SOURCE DATA =>
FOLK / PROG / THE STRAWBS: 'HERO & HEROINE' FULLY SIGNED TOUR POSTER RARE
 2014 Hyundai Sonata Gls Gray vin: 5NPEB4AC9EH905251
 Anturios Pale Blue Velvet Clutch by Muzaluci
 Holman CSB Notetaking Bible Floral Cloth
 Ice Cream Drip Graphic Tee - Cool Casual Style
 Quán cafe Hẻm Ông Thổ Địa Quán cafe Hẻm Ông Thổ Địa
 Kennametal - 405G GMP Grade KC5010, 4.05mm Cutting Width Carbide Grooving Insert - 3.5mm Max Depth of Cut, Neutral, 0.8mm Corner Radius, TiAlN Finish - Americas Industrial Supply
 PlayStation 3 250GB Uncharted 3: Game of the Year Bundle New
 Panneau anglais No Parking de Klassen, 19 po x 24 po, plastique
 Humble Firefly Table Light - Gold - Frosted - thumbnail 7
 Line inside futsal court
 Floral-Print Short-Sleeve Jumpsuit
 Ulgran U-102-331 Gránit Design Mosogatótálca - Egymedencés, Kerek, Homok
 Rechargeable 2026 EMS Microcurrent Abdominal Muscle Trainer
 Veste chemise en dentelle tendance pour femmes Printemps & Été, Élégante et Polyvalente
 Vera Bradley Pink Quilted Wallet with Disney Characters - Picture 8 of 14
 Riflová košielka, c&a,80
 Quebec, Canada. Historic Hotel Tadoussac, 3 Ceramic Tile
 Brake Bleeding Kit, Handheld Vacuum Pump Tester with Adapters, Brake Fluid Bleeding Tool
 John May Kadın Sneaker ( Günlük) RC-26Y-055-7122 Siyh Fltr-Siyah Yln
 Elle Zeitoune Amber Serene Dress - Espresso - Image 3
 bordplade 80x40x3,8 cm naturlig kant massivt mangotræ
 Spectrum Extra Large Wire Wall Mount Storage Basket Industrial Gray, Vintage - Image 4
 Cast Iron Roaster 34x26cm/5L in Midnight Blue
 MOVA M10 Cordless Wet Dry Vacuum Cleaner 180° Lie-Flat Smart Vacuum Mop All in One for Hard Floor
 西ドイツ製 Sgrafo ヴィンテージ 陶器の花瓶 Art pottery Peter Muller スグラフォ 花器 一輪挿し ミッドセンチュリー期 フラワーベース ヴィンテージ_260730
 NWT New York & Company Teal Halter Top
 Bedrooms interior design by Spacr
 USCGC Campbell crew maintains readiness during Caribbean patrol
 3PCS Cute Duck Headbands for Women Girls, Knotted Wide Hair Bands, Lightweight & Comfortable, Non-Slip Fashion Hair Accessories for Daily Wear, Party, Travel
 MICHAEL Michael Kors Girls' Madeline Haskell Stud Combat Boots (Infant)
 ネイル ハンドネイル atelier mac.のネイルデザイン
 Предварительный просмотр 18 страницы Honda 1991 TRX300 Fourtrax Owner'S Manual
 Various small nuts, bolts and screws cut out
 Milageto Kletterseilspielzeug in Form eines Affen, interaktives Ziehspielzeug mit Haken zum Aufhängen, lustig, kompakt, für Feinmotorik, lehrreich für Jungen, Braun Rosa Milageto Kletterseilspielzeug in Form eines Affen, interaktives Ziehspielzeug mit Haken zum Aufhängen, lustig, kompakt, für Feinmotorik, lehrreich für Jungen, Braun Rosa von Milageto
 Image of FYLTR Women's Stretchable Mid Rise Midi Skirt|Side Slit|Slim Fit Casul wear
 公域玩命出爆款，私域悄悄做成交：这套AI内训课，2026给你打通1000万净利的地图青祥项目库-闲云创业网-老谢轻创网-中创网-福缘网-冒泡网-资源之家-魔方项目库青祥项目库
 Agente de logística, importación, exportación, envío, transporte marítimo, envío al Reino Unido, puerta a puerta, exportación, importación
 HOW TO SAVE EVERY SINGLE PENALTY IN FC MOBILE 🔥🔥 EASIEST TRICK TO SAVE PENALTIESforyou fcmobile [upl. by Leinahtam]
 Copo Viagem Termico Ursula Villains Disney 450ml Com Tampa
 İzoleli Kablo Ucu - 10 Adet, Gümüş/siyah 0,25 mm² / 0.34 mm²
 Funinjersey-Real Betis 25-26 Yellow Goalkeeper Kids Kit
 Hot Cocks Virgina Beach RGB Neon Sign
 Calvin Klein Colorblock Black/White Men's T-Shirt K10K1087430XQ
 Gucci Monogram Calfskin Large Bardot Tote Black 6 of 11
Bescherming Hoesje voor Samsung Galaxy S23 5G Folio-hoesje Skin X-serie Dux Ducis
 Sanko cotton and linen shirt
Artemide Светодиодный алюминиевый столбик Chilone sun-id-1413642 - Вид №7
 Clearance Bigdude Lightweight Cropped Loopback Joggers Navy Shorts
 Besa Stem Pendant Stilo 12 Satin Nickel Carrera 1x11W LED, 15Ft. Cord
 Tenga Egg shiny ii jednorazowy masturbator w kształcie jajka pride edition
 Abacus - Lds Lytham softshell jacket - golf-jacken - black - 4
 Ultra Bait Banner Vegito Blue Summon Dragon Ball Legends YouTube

YOUR GOAL => An exact retyping of every line in the records is needed.

COMPLETED TASK =>
FOLK / PROG / THE STRAWBS: 'HERO & HEROINE' FULLY SIGNED TOUR POSTER RARE
 2014 Hyundai Sonata Gls Gray vin: 5NPEB4AC9EH905251
 Anturios Pale Blue Velvet Clutch by Muzaluci
 Holman CSB Notetaking Bible Floral Cloth
 Ice Cream Drip Graphic Tee - Cool Casual Style
 Quán cafe Hẻm Ông Thổ Địa Quán cafe Hẻm Ông Thổ Địa
 Kennametal - 405G GMP Grade KC5010, 4.05mm Cutting Width Carbide Grooving Insert - 3.5mm Max Depth of Cut, Neutral, 0.8mm Corner Radius, TiAlN Finish - Americas Industrial Supply
 PlayStation 3 250GB Uncharted 3: Game of the Year Bundle New
 Panneau anglais No Parking de Klassen, 19 po x 24 po, plastique
 Humble Firefly Table Light - Gold - Frosted - thumbnail 7
 Line inside futsal court
 Floral-Print Short-Sleeve Jumpsuit
 Ulgran U-102-331 Gránit Design Mosogatótálca - Egymedencés, Kerek, Homok
 Rechargeable 2026 EMS Microcurrent Abdominal Muscle Trainer
 Veste chemise en dentelle tendance pour femmes Printemps & Été, Élégante et Polyvalente
 Vera Bradley Pink Quilted Wallet with Disney Characters - Picture 8 of 14
 Riflová košielka, c&a,80
 Quebec, Canada. Historic Hotel Tadoussac, 3 Ceramic Tile
 Brake Bleeding Kit, Handheld Vacuum Pump Tester with Adapters, Brake Fluid Bleeding Tool
 John May Kadın Sneaker ( Günlük) RC-26Y-055-7122 Siyh Fltr-Siyah Yln
 Elle Zeitoune Amber Serene Dress - Espresso - Image 3
 bordplade 80x40x3,8 cm naturlig kant massivt mangotræ
 Spectrum Extra Large Wire Wall Mount Storage Basket Industrial Gray, Vintage - Image 4
 Cast Iron Roaster 34x26cm/5L in Midnight Blue
 MOVA M10 Cordless Wet Dry Vacuum Cleaner 180° Lie-Flat Smart Vacuum Mop All in One for Hard Floor
 西ドイツ製 Sgrafo ヴィンテージ 陶器の花瓶 Art pottery Peter Muller スグラフォ 花器 一輪挿し ミッドセンチュリー期 フラワーベース ヴィンテージ_260730
 NWT New York & Company Teal Halter Top
 Bedrooms interior design by Spacr
 USCGC Campbell crew maintains readiness during Caribbean patrol
 3PCS Cute Duck Headbands for Women Girls, Knotted Wide Hair Bands, Lightweight & Comfortable, Non-Slip Fashion Hair Accessories for Daily Wear, Party, Travel
 MICHAEL Michael Kors Girls' Madeline Haskell Stud Combat Boots (Infant)
 ネイル ハンドネイル atelier mac.のネイルデザイン
 Предварительный просмотр 18 страницы Honda 1991 TRX300 Fourtrax Owner'S Manual
 Various small nuts, bolts and screws cut out
 Milageto Kletterseilspielzeug in Form eines Affen, interaktives Ziehspielzeug mit Haken zum Aufhängen, lustig, kompakt, für Feinmotorik, lehrreich für Jungen, Braun Rosa Milageto Kletterseilspielzeug in Form eines Affen, interaktives Ziehspielzeug mit Haken zum Aufhängen, lustig, kompakt, für Feinmotorik, lehrreich für Jungen, Braun Rosa von Milageto
 Image of FYLTR Women's Stretchable Mid Rise Midi Skirt|Side Slit|Slim Fit Casul wear
 公域玩命出爆款，私域悄悄做成交：这套AI内训课，2026给你打通1000万净利的地图青祥项目库-闲云创业网-老谢轻创网-中创网-福缘网-冒泡网-资源之家-魔方项目库青祥项目库
 Agente de logística, importación, exportación, envío, transporte marítimo, envío al Reino Unido, puerta a puerta, exportación, importación
 HOW TO SAVE EVERY SINGLE PENALTY IN FC MOBILE 🔥🔥 EASIEST TRICK TO SAVE PENALTIESforyou fcmobile [upl. by Leinahtam]
 Copo Viagem Termico Ursula Villains Disney 450ml Com Tampa
 İzoleli Kablo Ucu - 10 Adet, Gümüş/siyah 0,25 mm² / 0.34 mm²
 Funinjersey-Real Betis 25-26 Yellow Goalkeeper Kids Kit
 Hot Cocks Virgina Beach RGB Neon Sign
 Calvin Klein Colorblock Black/White Men's T-Shirt K10K1087430XQ
 Gucci Monogram Calfskin Large Bardot Tote Black 6 of 11
Bescherming Hoesje voor Samsung Galaxy S23 5G Folio-hoesje Skin X-serie Dux Ducis
 Sanko cotton and linen shirt
Artemide Светодиодный алюминиевый столбик Chilone sun-id-1413642 - Вид №7
 Clearance Bigdude Lightweight Cropped Loopback Joggers Navy Shorts
 Besa Stem Pendant Stilo 12 Satin Nickel Carrera 1x11W LED, 15Ft. Cord
 Tenga Egg shiny ii jednorazowy masturbator w kształcie jajka pride edition
 Abacus - Lds Lytham softshell jacket - golf-jacken - black - 4
 Ultra Bait Banner Vegito Blue Summon Dragon Ball Legends YouTube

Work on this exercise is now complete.